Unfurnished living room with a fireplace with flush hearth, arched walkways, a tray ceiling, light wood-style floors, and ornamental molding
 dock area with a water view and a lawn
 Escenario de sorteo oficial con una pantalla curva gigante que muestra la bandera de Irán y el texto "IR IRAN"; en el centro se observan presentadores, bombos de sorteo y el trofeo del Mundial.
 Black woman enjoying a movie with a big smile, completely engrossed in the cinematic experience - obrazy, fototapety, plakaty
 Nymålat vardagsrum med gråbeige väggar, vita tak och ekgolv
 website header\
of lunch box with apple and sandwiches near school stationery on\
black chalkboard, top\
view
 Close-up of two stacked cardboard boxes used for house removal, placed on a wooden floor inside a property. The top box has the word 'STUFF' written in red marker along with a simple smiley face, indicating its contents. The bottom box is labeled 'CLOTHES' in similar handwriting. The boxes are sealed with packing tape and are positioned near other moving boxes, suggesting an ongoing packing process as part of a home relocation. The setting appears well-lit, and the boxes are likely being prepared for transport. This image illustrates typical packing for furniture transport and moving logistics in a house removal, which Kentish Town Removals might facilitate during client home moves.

▸ **Problem requirements**
Take from the entries every line that has the string "near".

▸ **Answer to this exercise**
of lunch box with apple and sandwiches near school stationery on\
 Close-up of two stacked cardboard boxes used for house removal, placed on a wooden floor inside a property. The top box has the word 'STUFF' written in red marker along with a simple smiley face, indicating its contents. The bottom box is labeled 'CLOTHES' in similar handwriting. The boxes are sealed with packing tape and are positioned near other moving boxes, suggesting an ongoing packing process as part of a home relocation. The setting appears well-lit, and the boxes are likely being prepared for transport. This image illustrates typical packing for furniture transport and moving logistics in a house removal, which Kentish Town Removals might facilitate during client home moves.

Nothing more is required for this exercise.